L’analyse spécifique de la prise en charge des 1 271 patients présentant un RAC serré symptomatique à haut gradient a montré que l’absence de décision d’intervention était associée à un âge plus élevé, aux comorbidités, à des symptômes moins sévères et à un gradient aortique plus faible(4). Cette association avec de symptômes moins sévères (classe NYHA < III) témoigne à nouveau du caractère tardif des indications d’intervention. Parmi les patients ayant eu une intervention durant la période de l’étude, 346 (40 %) ont eu une implantation de prothèse par cathéter (TAVI) et 515 (60 %) une chirurgie. Chez les patients traités par TAVI, l’EuroSCORE II médian était de 3,1 % et le TAVI représentait 84 % des interventions après 80 ans, alors que les indications concernaient alors que les patients à risque opératoire accru (EuroSCORE II > 4 %). Ces données illustrent l’anticipation de l’extension des indications du TAVI chez les patients âgés à faible risque opératoire, qui est apparue dans les recommandations ESC 2021, après le recrutement de VHD II. Cette anticipation avait également été observée en 2016 dans le registre français RAC(5).
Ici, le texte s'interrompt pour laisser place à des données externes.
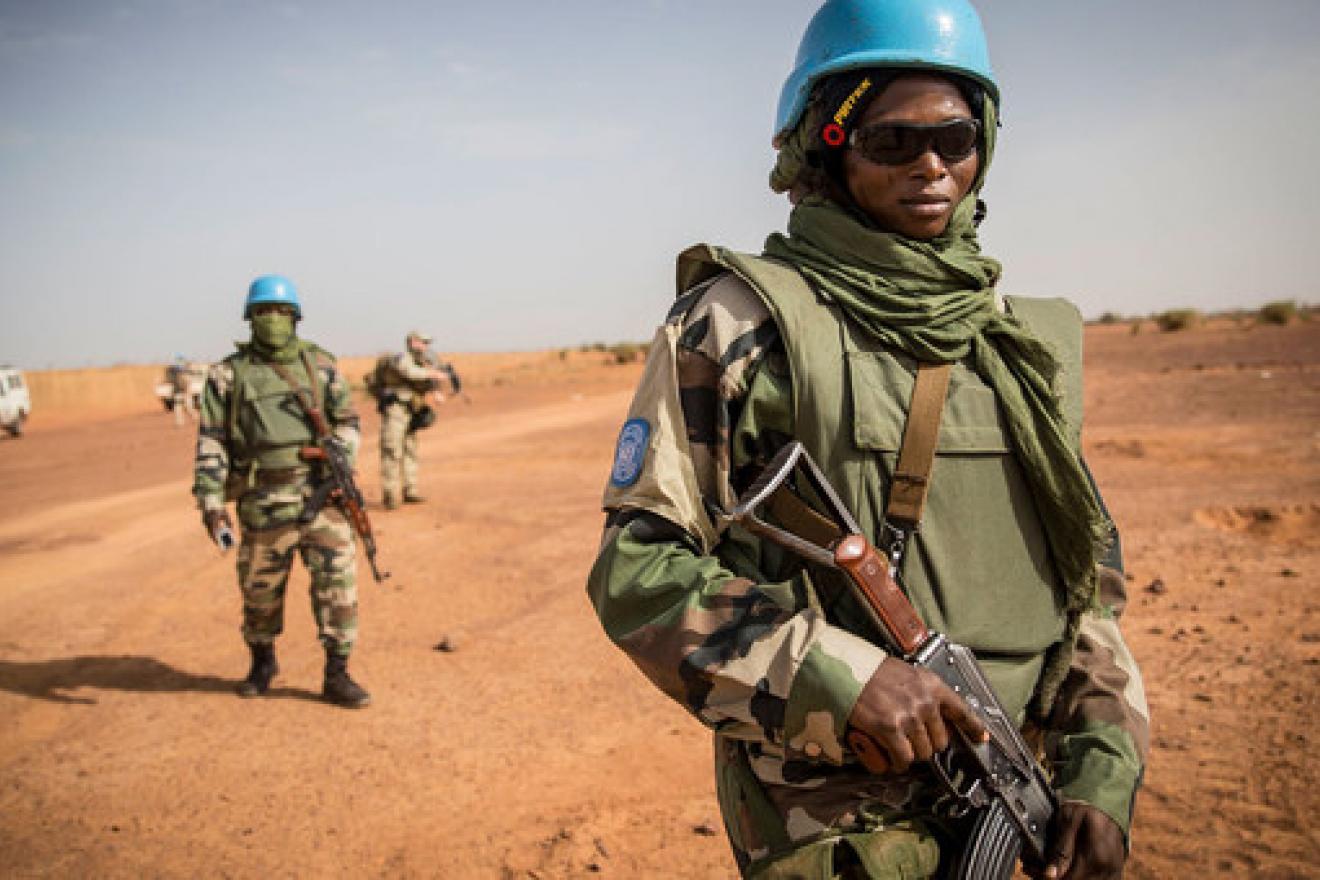 UN peacekeepers patrol the Mopti region of eastern Mali.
L’absence d’indication d’intervention sur la valve aortique était associée à une surmortalité à 6 mois, y compris après ajustement sur l’EuroSCORE II ou l’indice de comorbidité de Charlson. Le registre VHD II a aussi permis l’étude des polyvalvulopathies, qui atteignaient des patients plus âgés et ayant plus de comorbidités que ceux ayant une monovalvulopathie, pris en charge à un stade plus avancé et moins souvent opérés qu’en cas de monovalvulopathie(6). La mortalité était plus élevée pour les polyvalvulopathies en comparaison aux monovalvulopathies, y compris en analyse multivariée.